RFJ - Estou convencido que três modelos serão importantes. O primeiro é o modelo para a residência médica. Nele, os residentes deverão ser treinados durante todo o período da residência, de forma associativa, tratar e reconstruir o que foi retirado. Um segundo modelo vem com a ideia de um curso com duração de um ou dois anos, quase como uma extensão da residência, para aqueles que querem se aprofundar de forma mais intensa na oncoplástica. A terceira possibilidade é o aprimoramento e a educação médica continuada, com cursos hands-on, incluindo a participação em modelos cirúrgicos.
ON- Hoje a oncoplástica tem respaldo até por força de lei. Qual o momento ideal para a reconstrução?

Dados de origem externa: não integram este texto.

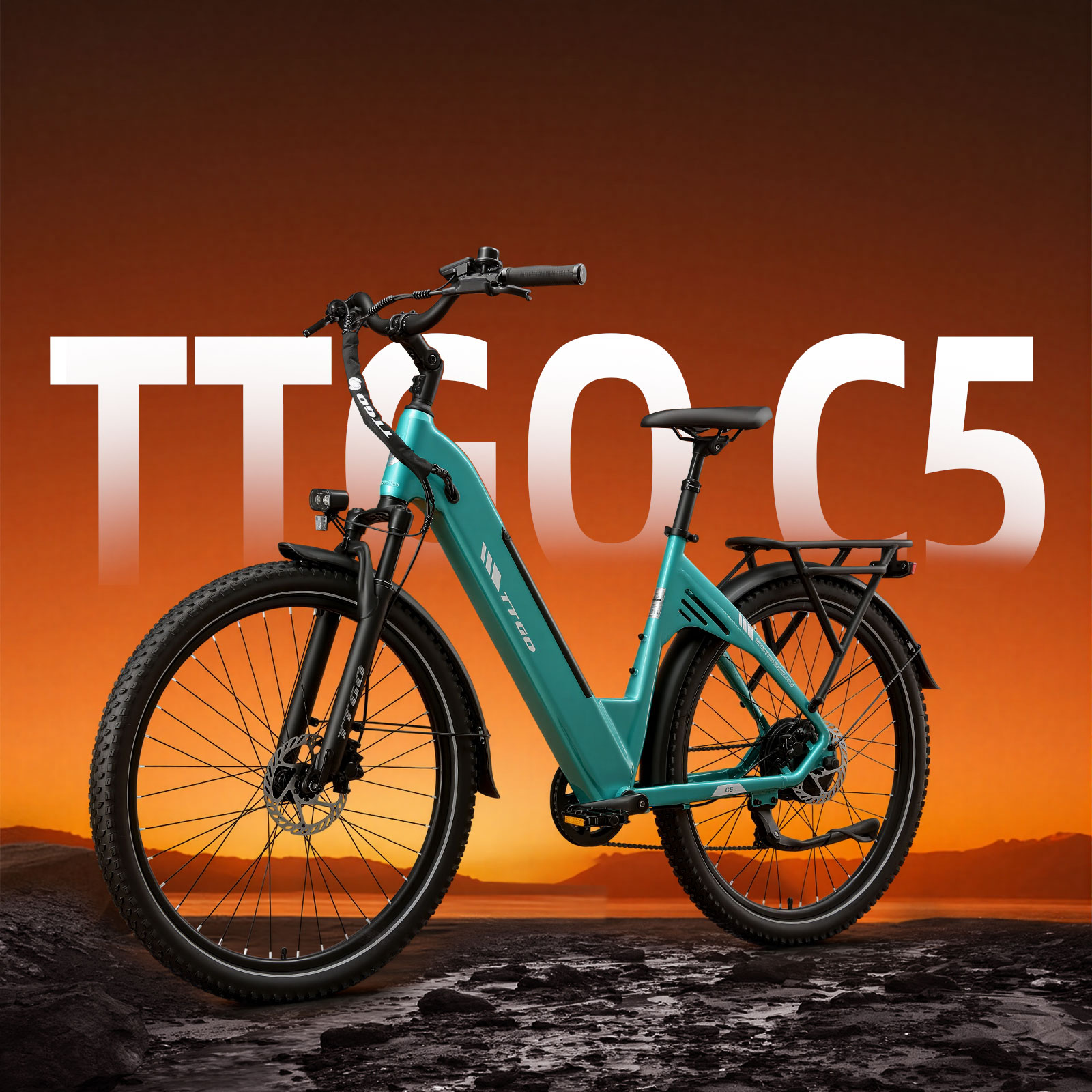 Türkisblaues E-Bike mit Rack, vor Sonnenuntergang auf felsigem Untergrund.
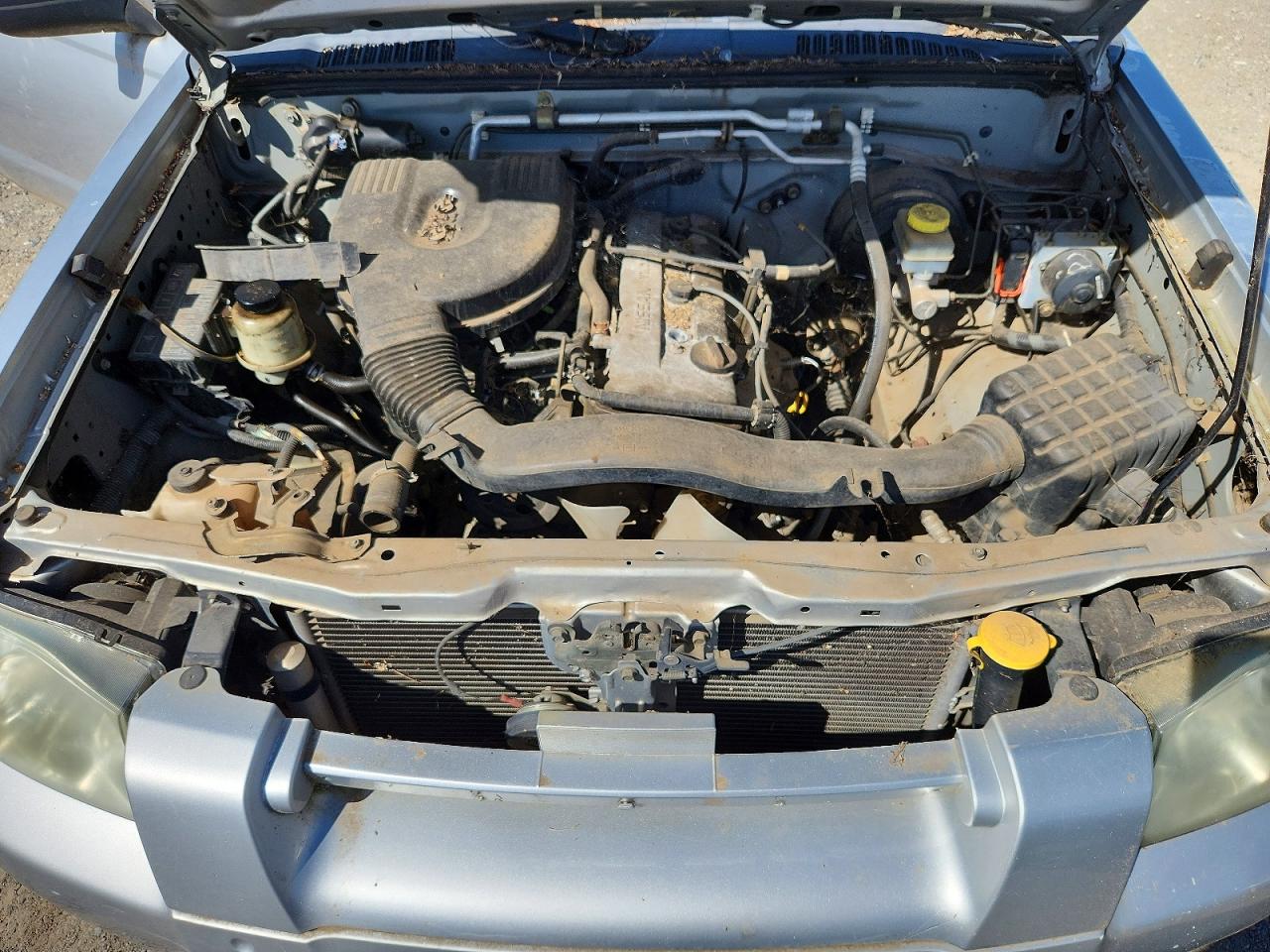 2004 Nissan Frontier Standard Silver vin: 1N6DD26T94C426855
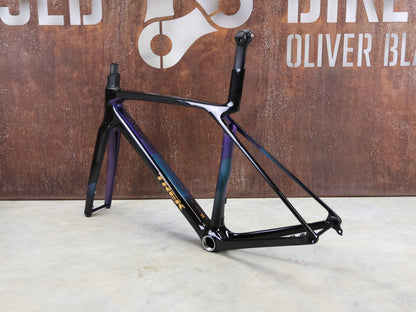 Rennradrahmen von Trek, TREK MADONE SL GEN 8 RAHMENSET / DARK STAR / M vor USEDBIKES - OB.DE Hintergrund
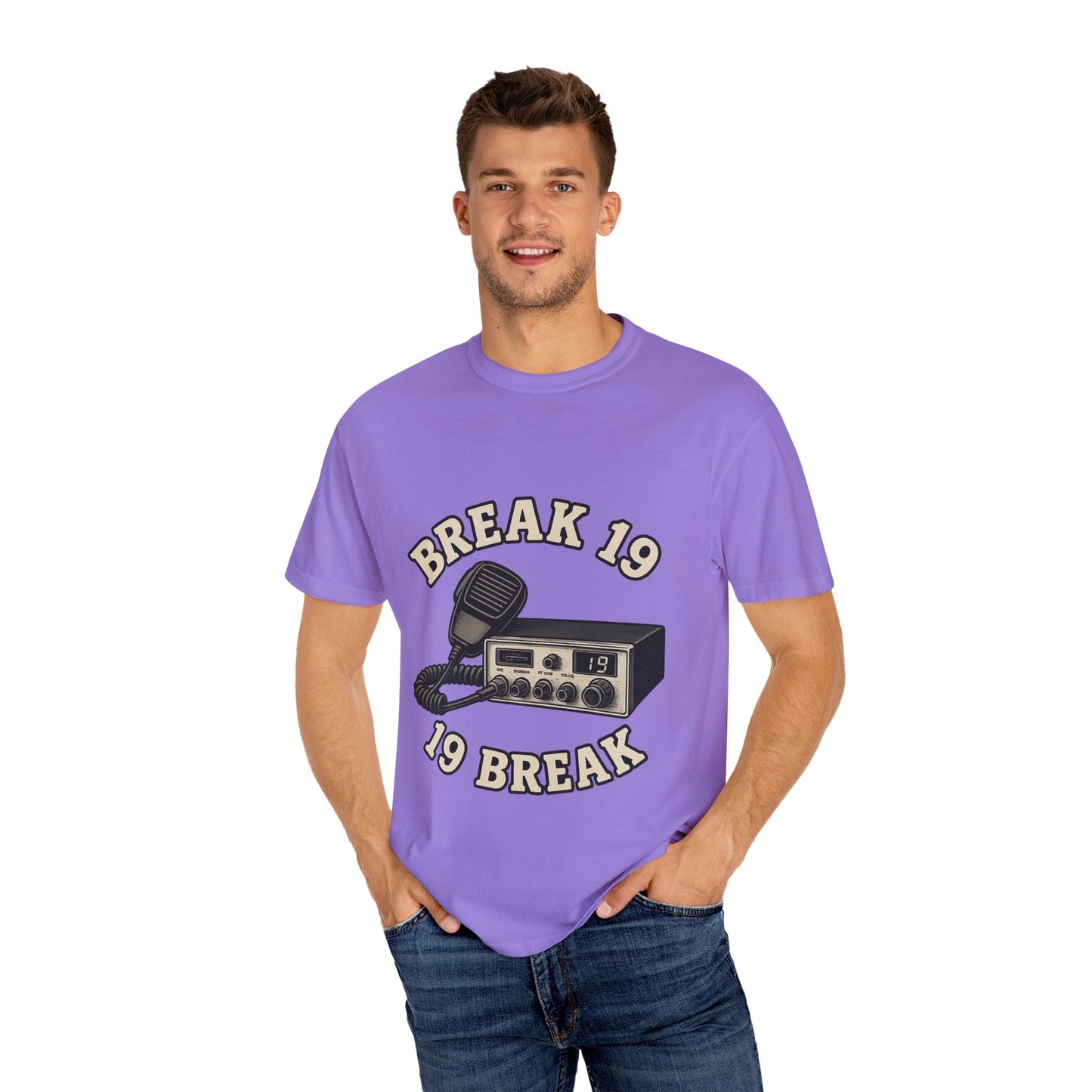 Retro Communication T-shirt with "BREAK 19" Design, Perfect for Truckers & Casual Wear, Gift for Road Trippers, Vintage Style Tee, [...]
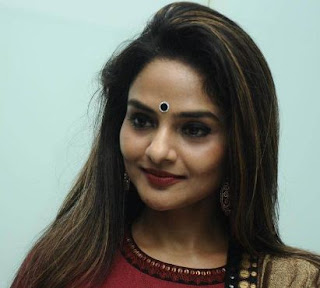 Madhoo Family Husband Son Daughter Father Mother Marriage Photos Biography Profile.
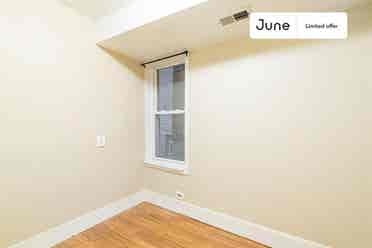 3 BR in Chicago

RFJ - Sem dúvida cresce o reconhecimento da importância da oncoplástica, que é respaldada no âmbito do SUS pela Lei 12.802. O momento ideal precisa ser avaliado caso a caso. Sabemos que os números dos grandes serviços, como o Institut Du Sein, do francês Krishna Clough,ícone da oncoplastia mundial, mostram que a metade das pacientes faz remodelação de imediato, junto com a tumorectomia; outras fazem em um momento posterior. Não existe um posicionamento da SBM, mas a recomendação de um diálogo aberto entre o cirurgião e sua paciente para a melhor tomada de decisão. Existeum trabalho acadêmico muito interessante da Dra. Gabriela Santos mostrando que nem sempre o resultado que o cirurgião considera como sendo muito bom é compartilhado pela paciente. Então, é preciso haver esse diálogo médico-paciente e também um diálogo multidisciplinar, que se inicia no pré-operatório, sendo muito importante avaliar se essa paciente vai requerer tratamento neoadjuvante, com químio ou endocrinoterapia, ou se o tratamento cirúrgico vem antes do tratamento sistêmico. Durante a cirurgia, o patologista também é uma peça-chave para a segurança oncológica, o que nos mostra que o tratamento do câncer de mama tem essa complexidade e todos os atores são importantes nesse processo.
ON - E o que fica de take home message?
RFJ - A grande questão é que nossa taxa de incidência cresce ano a ano, e teremos então mais mulheres diante do infortúnio de um diagnóstico de câncer de mama. Temos hoje a possibilidade de técnicas cirúrgicas acuradas para fazer o tratamento com boa segurança, com o mínimo de mutilação. Mais do que nunca é hora de se pensar nesse modelo em que a segurança oncológica está alinhada ao resultado estético para promover melhor qualidade de vida para essas mulheres. Os cirurgiões devem estar atentos, treinados e dedicados ao aperfeiçoamento.